**AIM OF THE TASK**
Using the data below, reproduce exactly the lines from the line with "Satılır 2 otaqlı köhnə tikili 60 m²" to the line with "Un autobús, al centre. Autor: David B.", both included; pictures must be dropped.

**PROVIDED INFORMATION**
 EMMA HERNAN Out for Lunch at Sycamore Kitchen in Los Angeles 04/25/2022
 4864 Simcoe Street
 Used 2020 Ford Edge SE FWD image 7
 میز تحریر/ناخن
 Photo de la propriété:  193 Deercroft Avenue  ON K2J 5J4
--
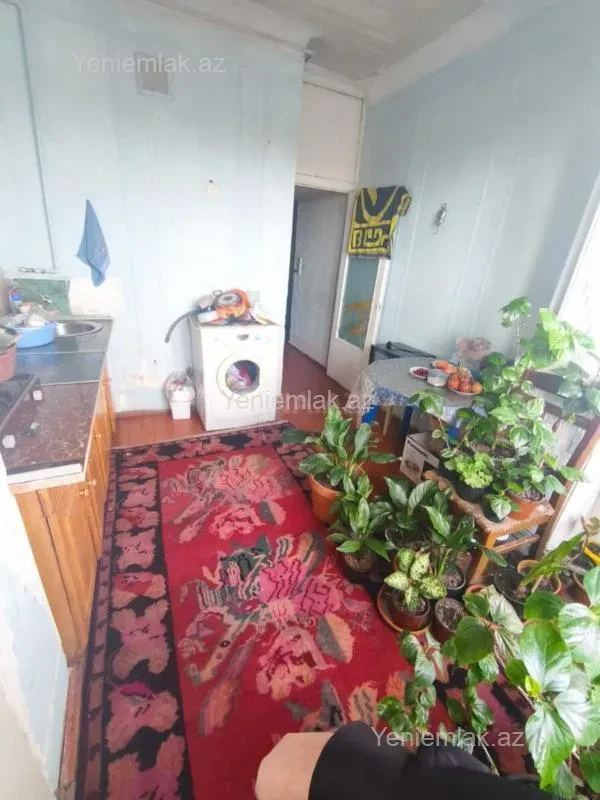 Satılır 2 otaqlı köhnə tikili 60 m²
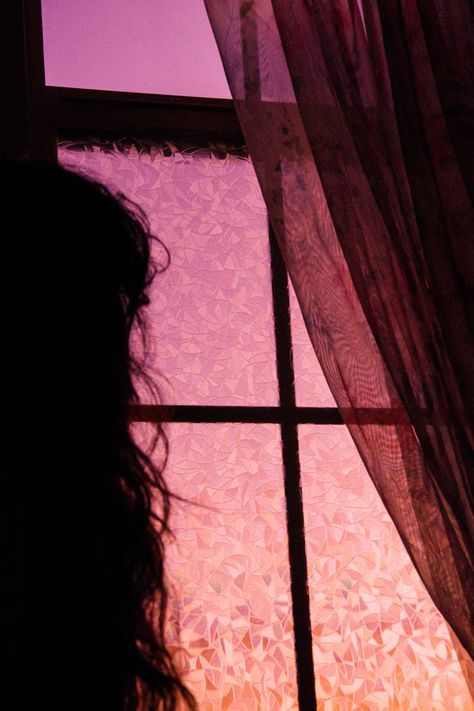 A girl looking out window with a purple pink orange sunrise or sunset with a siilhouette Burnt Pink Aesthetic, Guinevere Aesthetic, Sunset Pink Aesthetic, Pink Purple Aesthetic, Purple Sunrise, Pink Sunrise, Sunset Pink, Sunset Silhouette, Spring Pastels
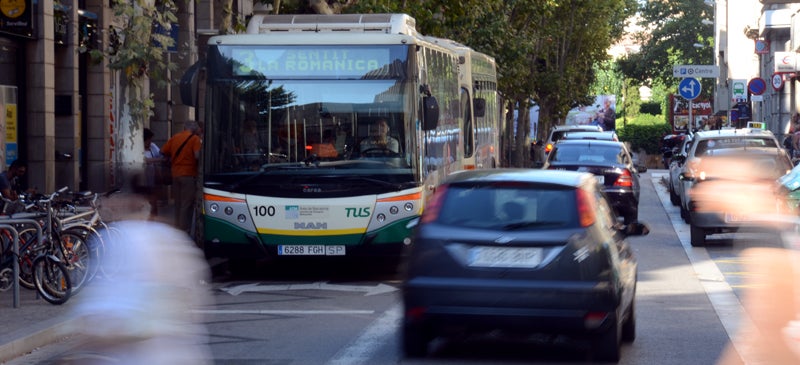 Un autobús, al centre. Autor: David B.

**THE ANSWER**
 Satılır 2 otaqlı köhnə tikili 60 m²
 A girl looking out window with a purple pink orange sunrise or sunset with a siilhouette Burnt Pink Aesthetic, Guinevere Aesthetic, Sunset Pink Aesthetic, Pink Purple Aesthetic, Purple Sunrise, Pink Sunrise, Sunset Pink, Sunset Silhouette, Spring Pastels
 Un autobús, al centre. Autor: David B.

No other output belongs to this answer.